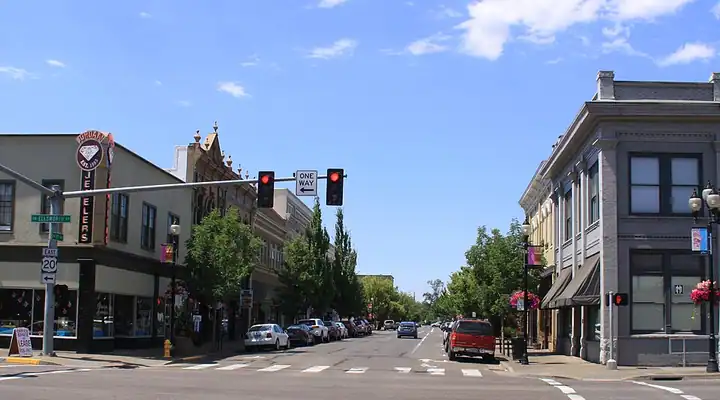 A local view of Albany, OR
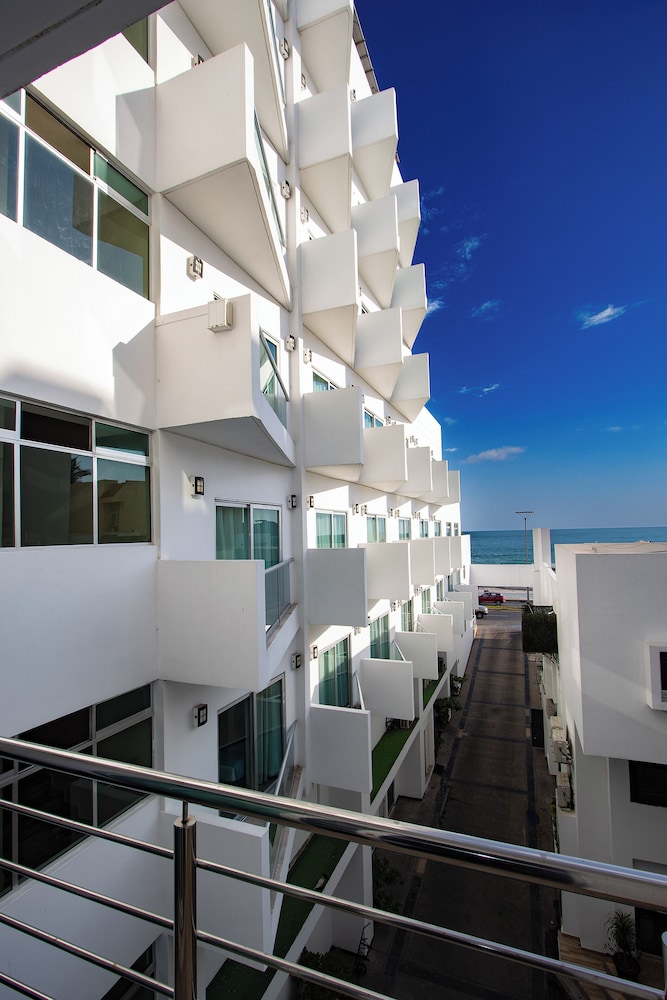 Standard Room, Partial Sea View - Photo 3
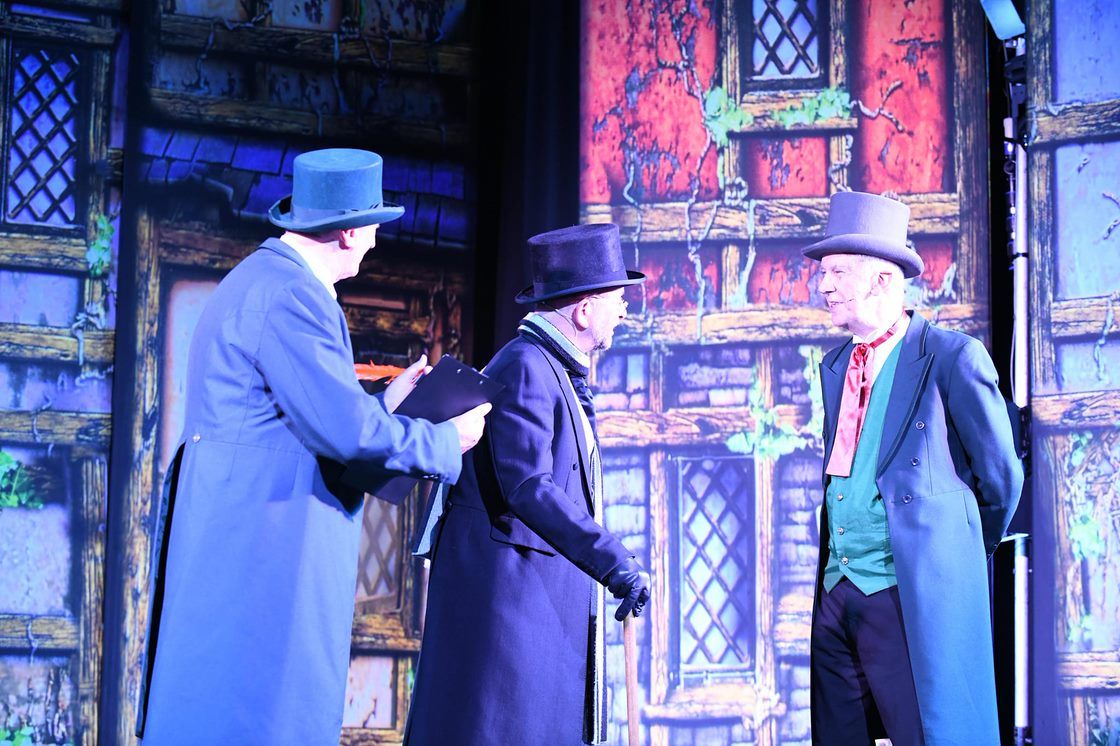 Scrooge - A1 STAGE - POP-UP FLATS 2.3m high - PHOTOS - 26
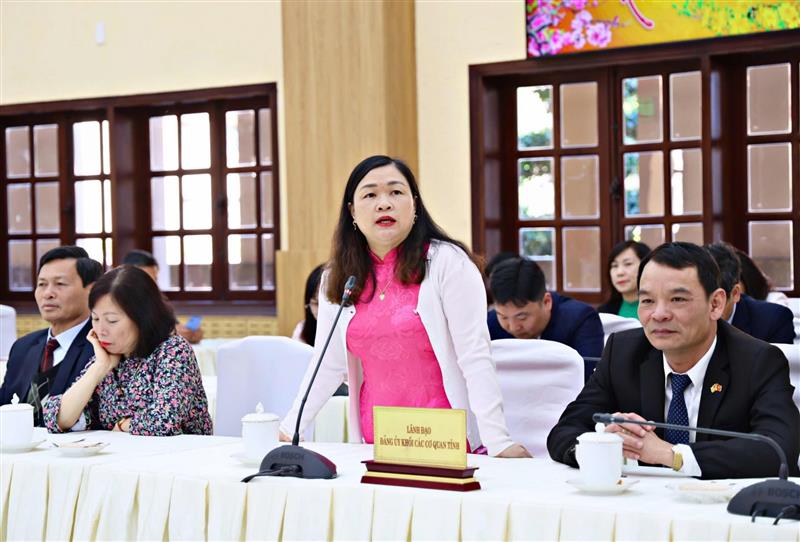 Đồng chí Nguyễn Thị Phương Thảo - Phó Bí thư Thường trực Đảng uỷ Khối Các cơ quan tỉnh phát biểu 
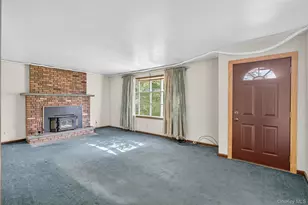 438 Mountain Rd, Bloomingburg, NY 12721 - Photo 6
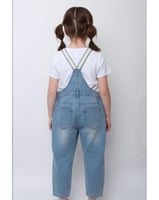 شيال جينز مع تيشيرت ابيض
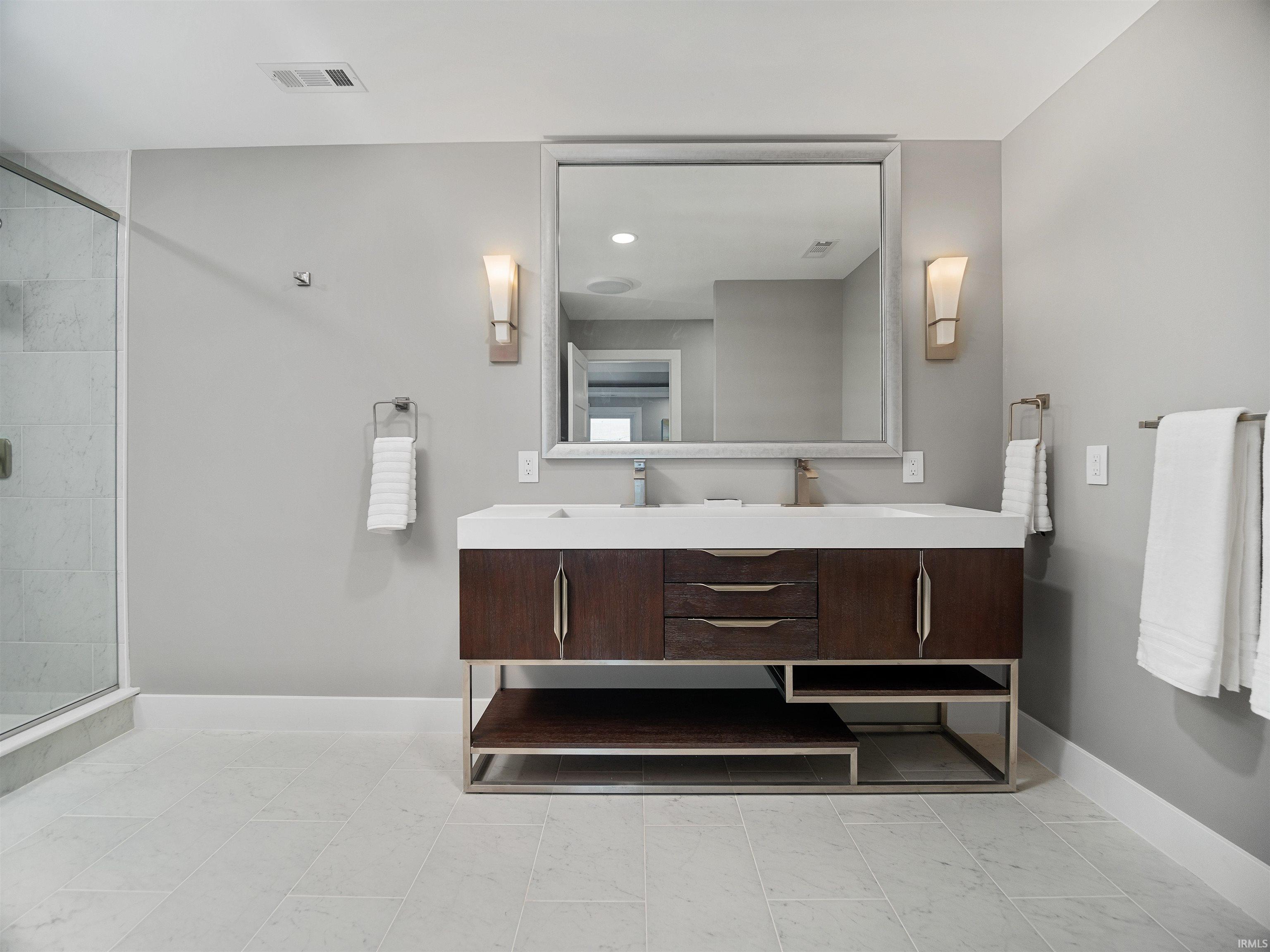520 Lavina, Apt 201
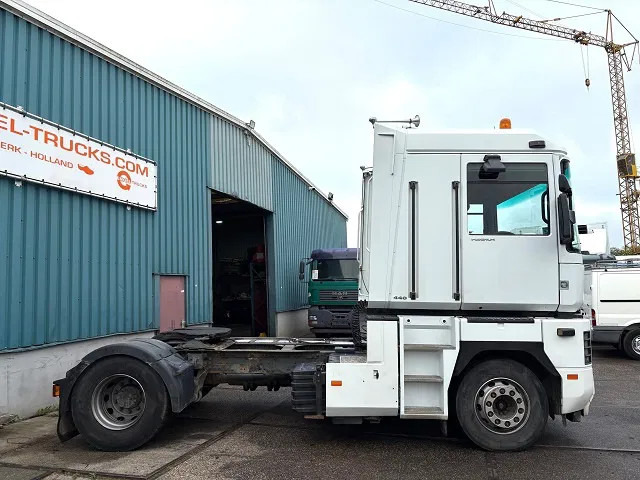 Renault Magnum AE 440 E-TECH (MACK ENGINE / ZF16 MANUAL GEARBOX / ZF-INTARDER / P.T.O. / AIRCONDITIONING / ETC.) - Cabeza tractora: foto 4 Renault Magnum AE 440 E-TECH (MACK ENGINE / ZF16 MANUAL GEARBOX / ZF-INTARDER / P.T.O. / AIRCONDITIONING / ETC.) - Cabeza tractora: foto 4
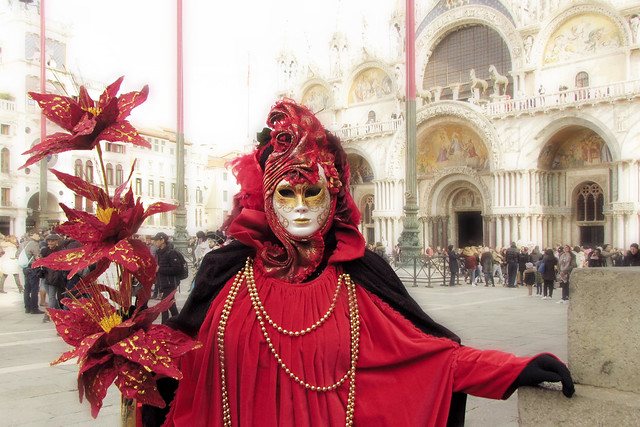 Venezia, il carnevale ... rosso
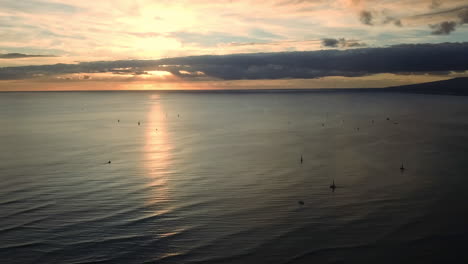 Luftaufnahme-Des-Atemberaubenden-Sonnenuntergangs,-Der-Sich-Am-Strand-Von-Waikiki,-Honolulu,-Am-Meer-Widerspiegelt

※ ※ ※

* **WHAT IS EXPECTED**
Return word for word the lines from the beginning of the entries through the line that contains "520 Lavina, Apt 201", both ends included, but no pictures.

* **TASK OUTPUT**
 A local view of Albany, OR
 Standard Room, Partial Sea View - Photo 3
 Scrooge - A1 STAGE - POP-UP FLATS 2.3m high - PHOTOS - 26
 Đồng chí Nguyễn Thị Phương Thảo - Phó Bí thư Thường trực Đảng uỷ Khối Các cơ quan tỉnh phát biểu 
 438 Mountain Rd, Bloomingburg, NY 12721 - Photo 6
 شيال جينز مع تيشيرت ابيض
520 Lavina, Apt 201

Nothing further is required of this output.